EXERCISE BRIEF: Set down every record exactly as it appears.

RAW DATA:
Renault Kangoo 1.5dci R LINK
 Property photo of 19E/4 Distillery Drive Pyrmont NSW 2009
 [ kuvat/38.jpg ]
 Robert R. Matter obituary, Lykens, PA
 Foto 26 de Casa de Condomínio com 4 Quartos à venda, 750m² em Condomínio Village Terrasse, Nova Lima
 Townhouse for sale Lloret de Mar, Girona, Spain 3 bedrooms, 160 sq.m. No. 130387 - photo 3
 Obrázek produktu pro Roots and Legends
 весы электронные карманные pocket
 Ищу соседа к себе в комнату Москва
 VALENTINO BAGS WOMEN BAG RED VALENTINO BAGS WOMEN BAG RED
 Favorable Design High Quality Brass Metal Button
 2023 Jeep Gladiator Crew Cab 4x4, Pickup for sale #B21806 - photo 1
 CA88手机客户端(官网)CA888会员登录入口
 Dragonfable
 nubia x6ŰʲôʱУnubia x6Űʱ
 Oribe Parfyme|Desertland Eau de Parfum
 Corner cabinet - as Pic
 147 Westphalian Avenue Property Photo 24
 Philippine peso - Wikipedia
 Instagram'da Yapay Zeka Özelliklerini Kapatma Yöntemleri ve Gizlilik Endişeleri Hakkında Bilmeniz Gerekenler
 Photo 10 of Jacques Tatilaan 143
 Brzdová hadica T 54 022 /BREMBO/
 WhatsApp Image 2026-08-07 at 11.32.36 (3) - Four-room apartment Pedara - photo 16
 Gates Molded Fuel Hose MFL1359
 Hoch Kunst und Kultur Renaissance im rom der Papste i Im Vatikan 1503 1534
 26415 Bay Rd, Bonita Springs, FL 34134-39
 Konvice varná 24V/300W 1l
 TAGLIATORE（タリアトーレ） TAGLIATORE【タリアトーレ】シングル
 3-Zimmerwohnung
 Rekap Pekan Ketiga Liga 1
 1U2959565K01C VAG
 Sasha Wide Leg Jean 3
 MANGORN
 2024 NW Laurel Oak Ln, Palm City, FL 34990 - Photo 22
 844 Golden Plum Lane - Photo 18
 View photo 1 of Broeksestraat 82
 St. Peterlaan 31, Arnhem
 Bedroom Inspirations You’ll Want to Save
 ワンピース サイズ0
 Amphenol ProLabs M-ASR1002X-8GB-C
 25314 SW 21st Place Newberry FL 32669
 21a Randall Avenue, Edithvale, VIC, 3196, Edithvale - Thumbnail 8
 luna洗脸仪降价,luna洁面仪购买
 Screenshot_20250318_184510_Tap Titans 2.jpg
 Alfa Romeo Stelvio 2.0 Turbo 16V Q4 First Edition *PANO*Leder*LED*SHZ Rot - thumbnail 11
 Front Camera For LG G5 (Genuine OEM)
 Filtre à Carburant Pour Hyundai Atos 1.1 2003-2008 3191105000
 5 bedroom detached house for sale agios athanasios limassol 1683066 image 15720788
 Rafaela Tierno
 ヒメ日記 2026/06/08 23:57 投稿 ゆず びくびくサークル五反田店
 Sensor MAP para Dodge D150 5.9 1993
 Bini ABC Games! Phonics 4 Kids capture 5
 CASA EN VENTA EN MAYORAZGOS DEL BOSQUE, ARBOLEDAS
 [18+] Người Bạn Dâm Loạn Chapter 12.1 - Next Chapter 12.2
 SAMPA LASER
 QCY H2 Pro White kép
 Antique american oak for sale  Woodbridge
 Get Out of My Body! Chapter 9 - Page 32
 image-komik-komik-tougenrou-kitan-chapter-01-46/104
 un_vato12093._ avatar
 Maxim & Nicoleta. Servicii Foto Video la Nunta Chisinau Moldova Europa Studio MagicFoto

THE COMPLETED TASK:
Renault Kangoo 1.5dci R LINK
 Property photo of 19E/4 Distillery Drive Pyrmont NSW 2009
 [ kuvat/38.jpg ]
 Robert R. Matter obituary, Lykens, PA
 Foto 26 de Casa de Condomínio com 4 Quartos à venda, 750m² em Condomínio Village Terrasse, Nova Lima
 Townhouse for sale Lloret de Mar, Girona, Spain 3 bedrooms, 160 sq.m. No. 130387 - photo 3
 Obrázek produktu pro Roots and Legends
 весы электронные карманные pocket
 Ищу соседа к себе в комнату Москва
 VALENTINO BAGS WOMEN BAG RED VALENTINO BAGS WOMEN BAG RED
 Favorable Design High Quality Brass Metal Button
 2023 Jeep Gladiator Crew Cab 4x4, Pickup for sale #B21806 - photo 1
 CA88手机客户端(官网)CA888会员登录入口
 Dragonfable
 nubia x6ŰʲôʱУnubia x6Űʱ
 Oribe Parfyme|Desertland Eau de Parfum
 Corner cabinet - as Pic
 147 Westphalian Avenue Property Photo 24
 Philippine peso - Wikipedia
 Instagram'da Yapay Zeka Özelliklerini Kapatma Yöntemleri ve Gizlilik Endişeleri Hakkında Bilmeniz Gerekenler
 Photo 10 of Jacques Tatilaan 143
 Brzdová hadica T 54 022 /BREMBO/
 WhatsApp Image 2026-08-07 at 11.32.36 (3) - Four-room apartment Pedara - photo 16
 Gates Molded Fuel Hose MFL1359
 Hoch Kunst und Kultur Renaissance im rom der Papste i Im Vatikan 1503 1534
 26415 Bay Rd, Bonita Springs, FL 34134-39
 Konvice varná 24V/300W 1l
 TAGLIATORE（タリアトーレ） TAGLIATORE【タリアトーレ】シングル
 3-Zimmerwohnung
 Rekap Pekan Ketiga Liga 1
 1U2959565K01C VAG
 Sasha Wide Leg Jean 3
 MANGORN
 2024 NW Laurel Oak Ln, Palm City, FL 34990 - Photo 22
 844 Golden Plum Lane - Photo 18
 View photo 1 of Broeksestraat 82
 St. Peterlaan 31, Arnhem
 Bedroom Inspirations You’ll Want to Save
 ワンピース サイズ0
 Amphenol ProLabs M-ASR1002X-8GB-C
 25314 SW 21st Place Newberry FL 32669
 21a Randall Avenue, Edithvale, VIC, 3196, Edithvale - Thumbnail 8
 luna洗脸仪降价,luna洁面仪购买
 Screenshot_20250318_184510_Tap Titans 2.jpg
 Alfa Romeo Stelvio 2.0 Turbo 16V Q4 First Edition *PANO*Leder*LED*SHZ Rot - thumbnail 11
 Front Camera For LG G5 (Genuine OEM)
 Filtre à Carburant Pour Hyundai Atos 1.1 2003-2008 3191105000
 5 bedroom detached house for sale agios athanasios limassol 1683066 image 15720788
 Rafaela Tierno
 ヒメ日記 2026/06/08 23:57 投稿 ゆず びくびくサークル五反田店
 Sensor MAP para Dodge D150 5.9 1993
 Bini ABC Games! Phonics 4 Kids capture 5
 CASA EN VENTA EN MAYORAZGOS DEL BOSQUE, ARBOLEDAS
 [18+] Người Bạn Dâm Loạn Chapter 12.1 - Next Chapter 12.2
 SAMPA LASER
 QCY H2 Pro White kép
 Antique american oak for sale  Woodbridge
 Get Out of My Body! Chapter 9 - Page 32
 image-komik-komik-tougenrou-kitan-chapter-01-46/104
 un_vato12093._ avatar
 Maxim & Nicoleta. Servicii Foto Video la Nunta Chisinau Moldova Europa Studio MagicFoto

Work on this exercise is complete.